> Problem description
Please restate every record below word for word and skip the pictures.

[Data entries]
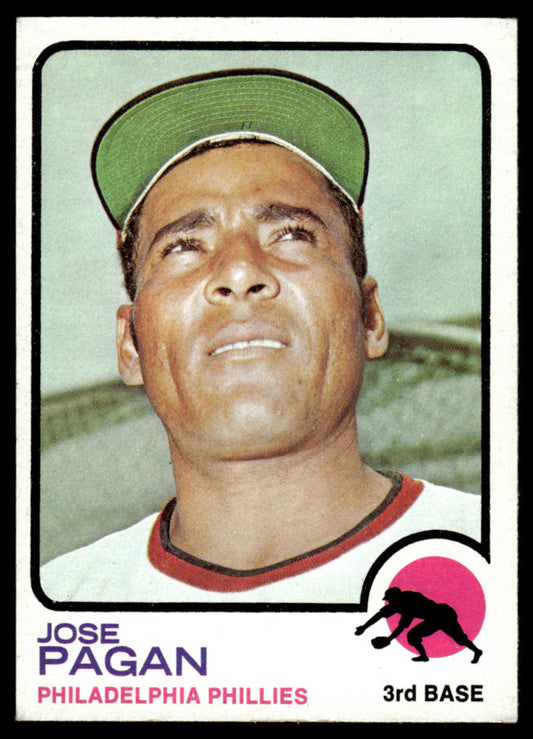 1973 Topps Baseball #659 - Jose Pagan - EXMT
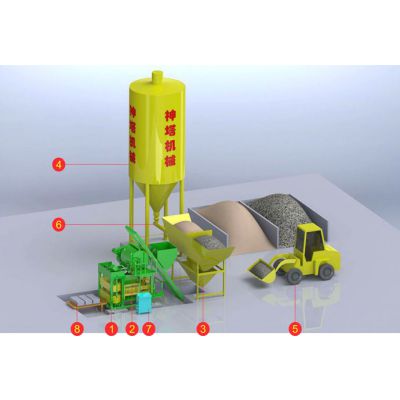 供应南宁神塔厂家直销机械生产线设备：南宁电控台，南宁水泥仓，南宁出砖架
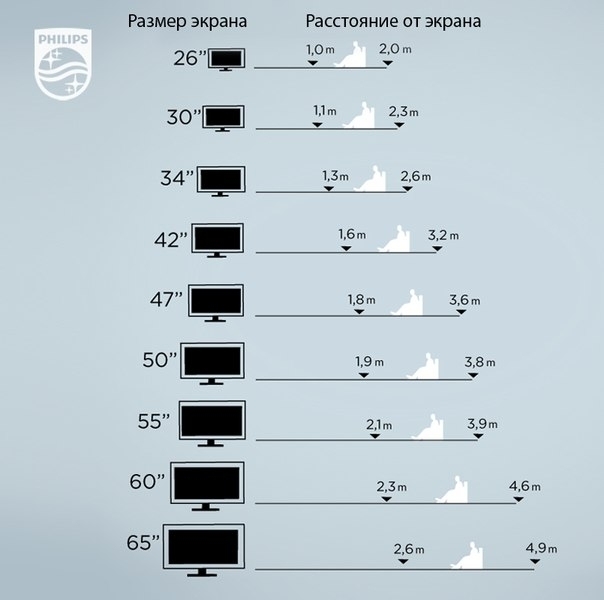 Расположение телевизора на стене: 5 советов и рекомендации профи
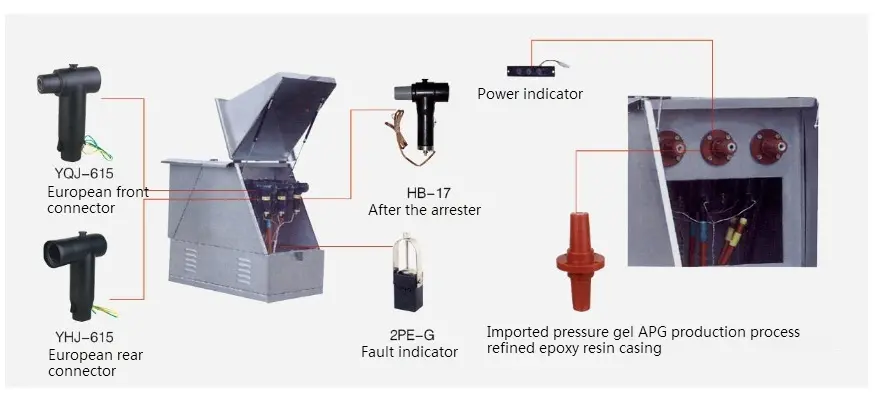 35kv European Cable Branch Box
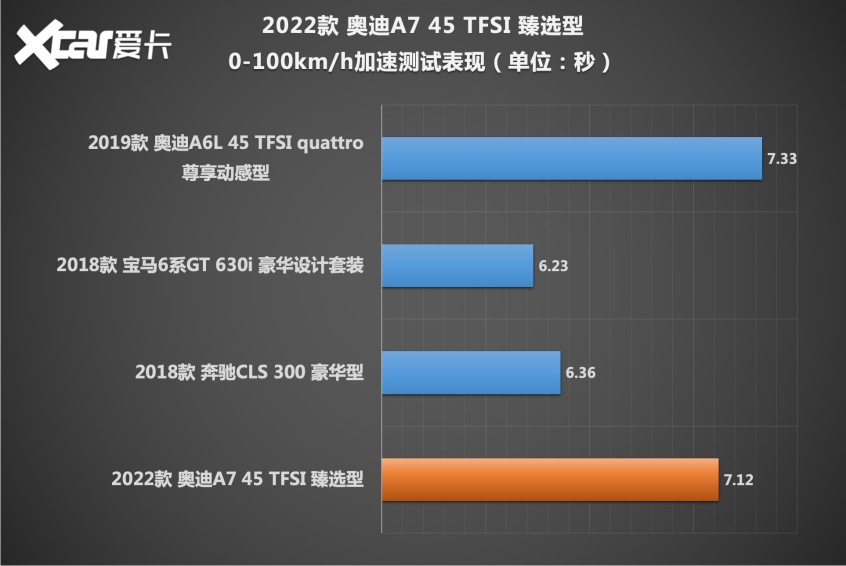 测试奥迪A7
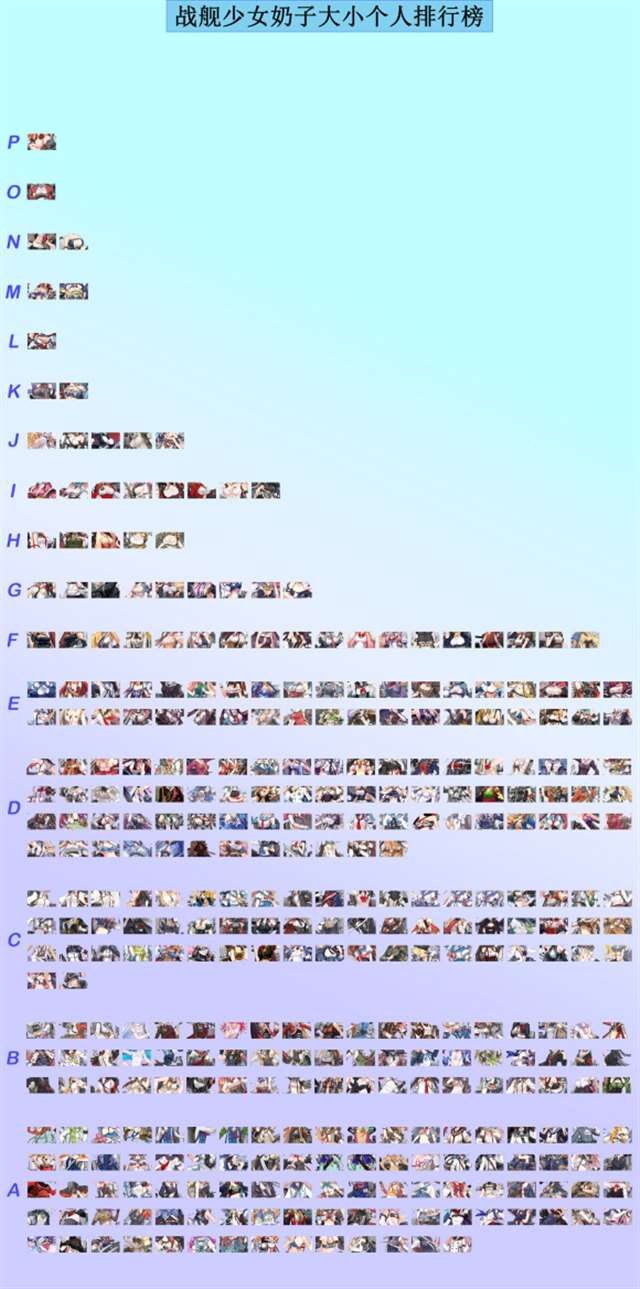 战舰少女r练船表2021【战舰少女r吧】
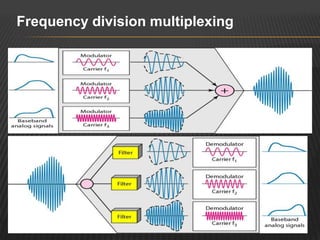 Frequency division multiplexing
 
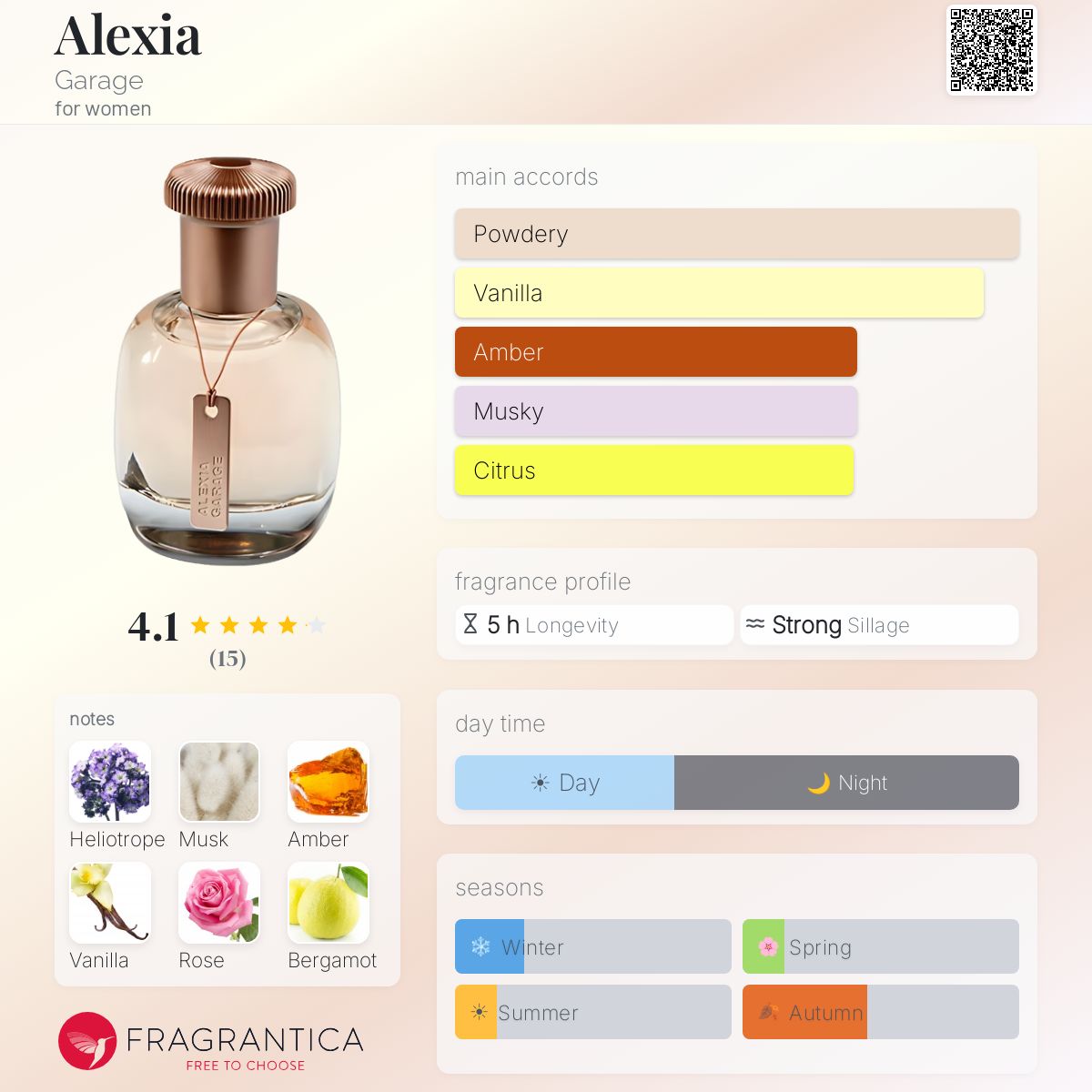 Fragrantica image 5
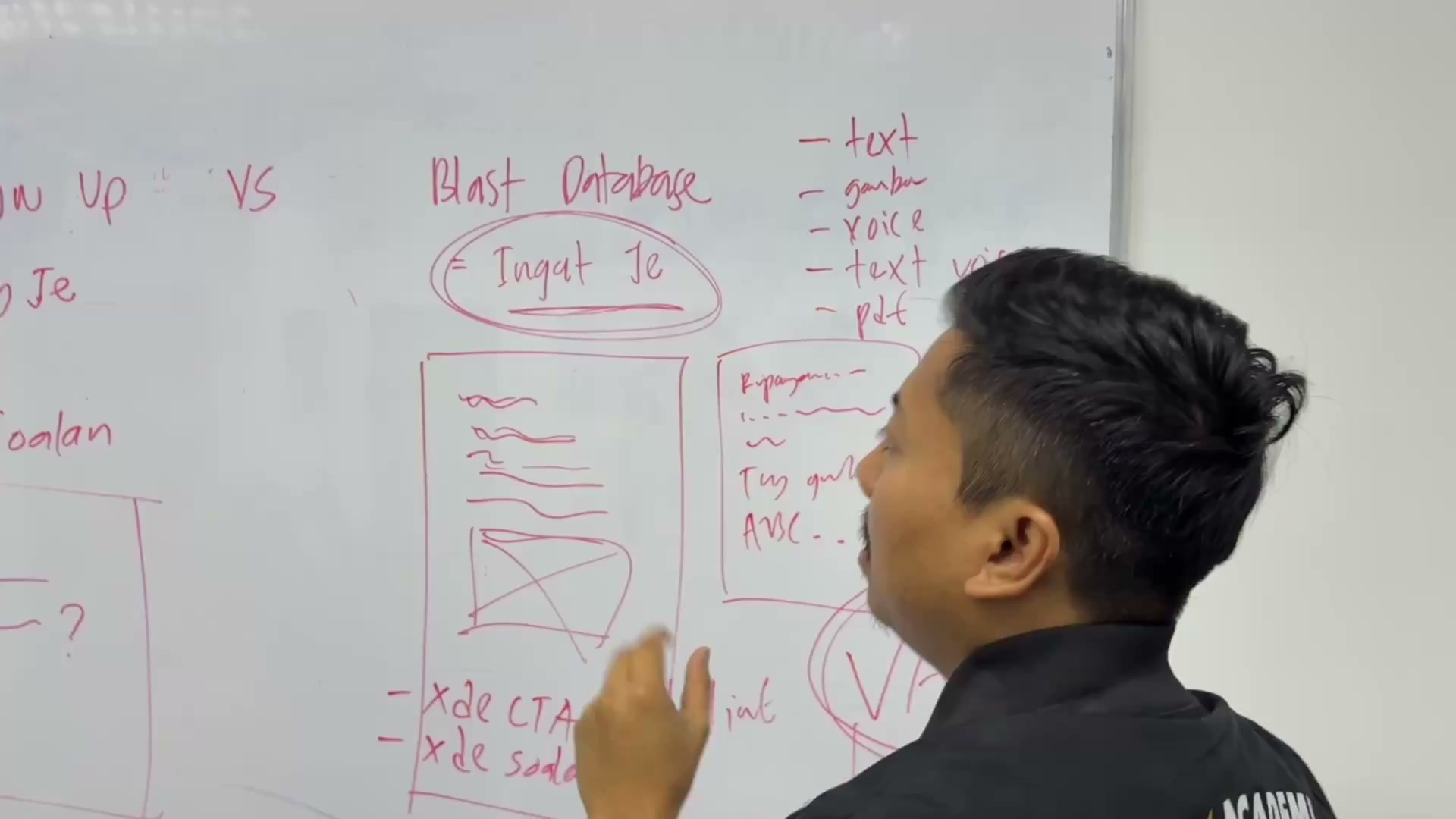 Paparan rakaman pada 00:00:00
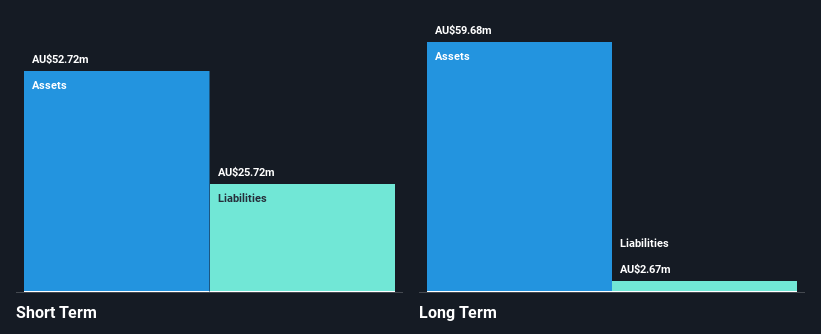 ASX:CXL Financial Position Analysis as at Nov 2024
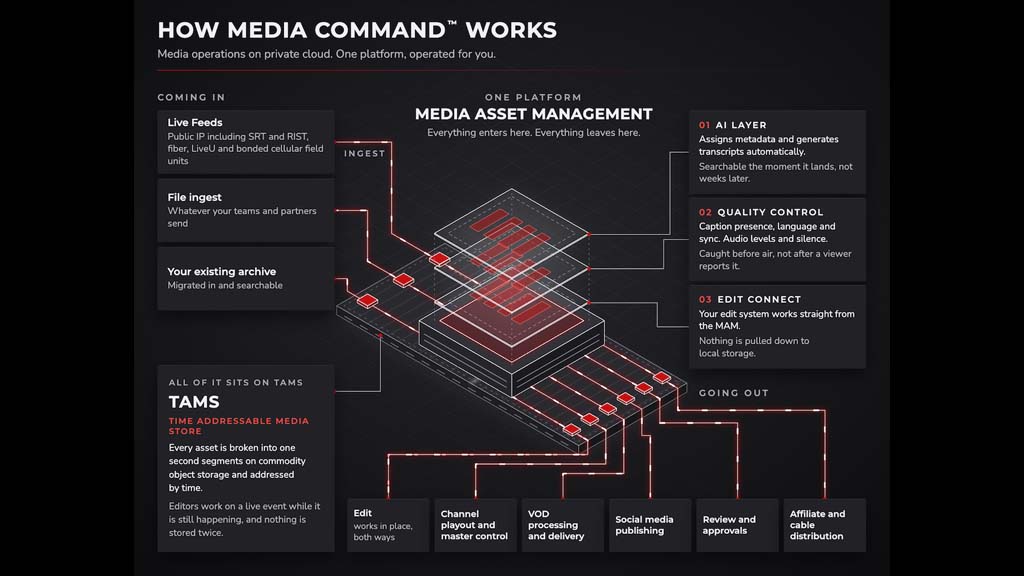 BMG Media Command diagram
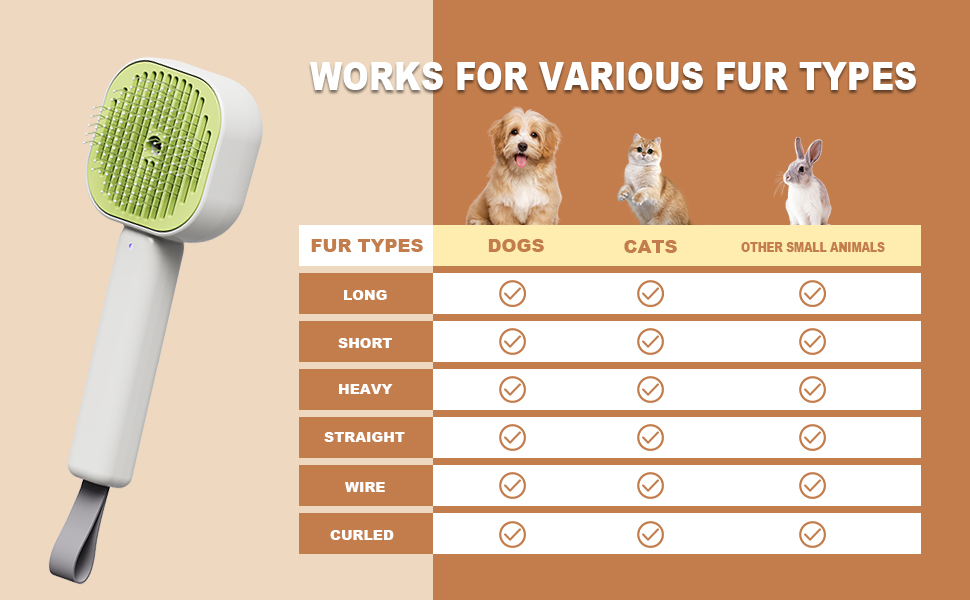 Парфумерна щітка для котів 4 в 1, синього кольору: догляд за шерстю котів та собак, самоочищення, антистатична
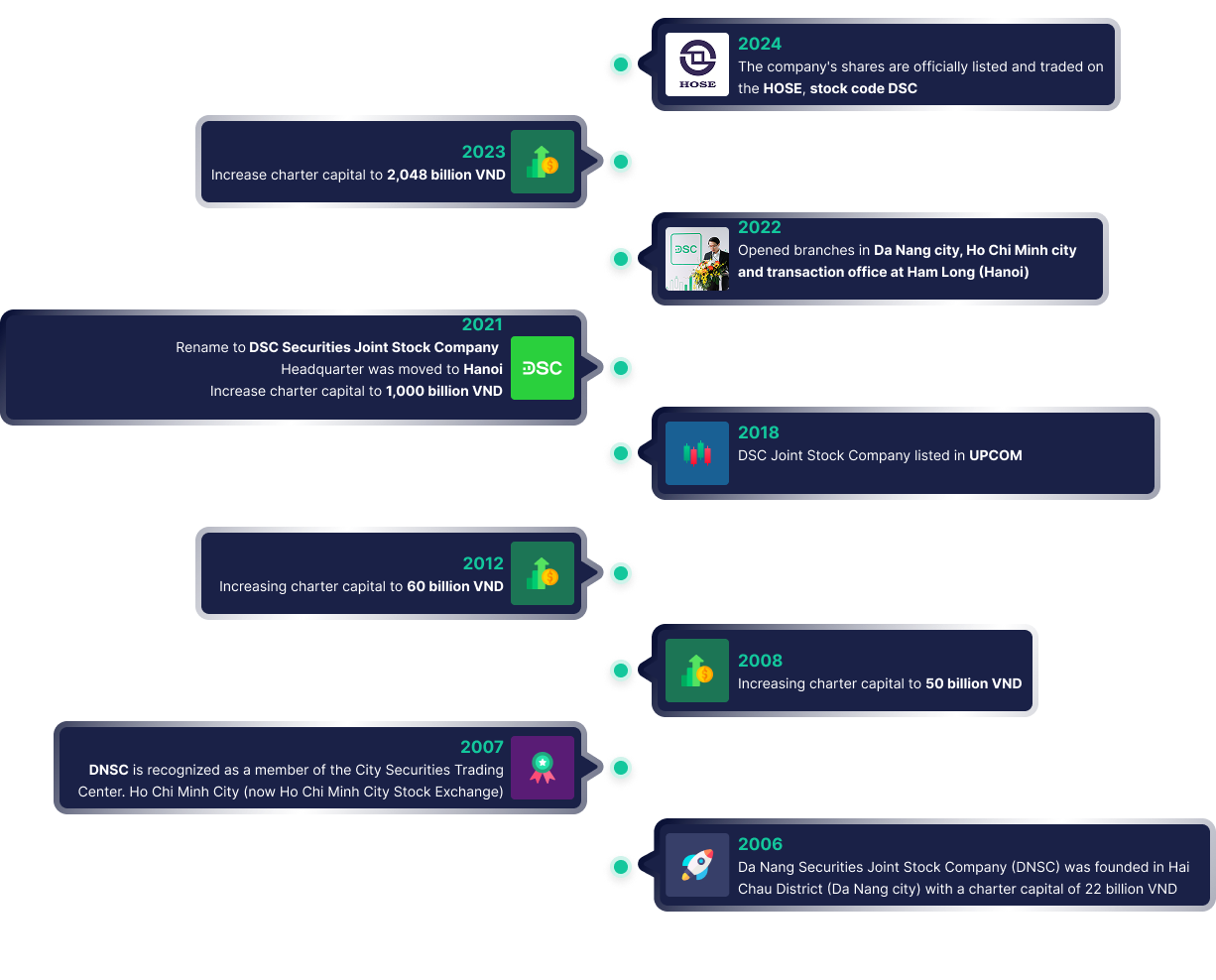 /_next/static/media/road-map-2.88e1569d.png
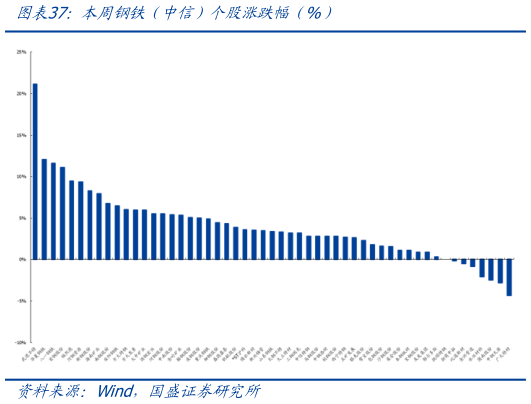 我想了解一下本周钢铁（中信）个股涨跌幅（%）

> Solution to the exercise
 1973 Topps Baseball #659 - Jose Pagan - EXMT
 供应南宁神塔厂家直销机械生产线设备：南宁电控台，南宁水泥仓，南宁出砖架
 Расположение телевизора на стене: 5 советов и рекомендации профи
 35kv European Cable Branch Box
 测试奥迪A7
 战舰少女r练船表2021【战舰少女r吧】
 Frequency division multiplexing
 
 Fragrantica image 5
 Paparan rakaman pada 00:00:00
 ASX:CXL Financial Position Analysis as at Nov 2024
 BMG Media Command diagram
 Парфумерна щітка для котів 4 в 1, синього кольору: догляд за шерстю котів та собак, самоочищення, антистатична
 /_next/static/media/road-map-2.88e1569d.png
 我想了解一下本周钢铁（中信）个股涨跌幅（%）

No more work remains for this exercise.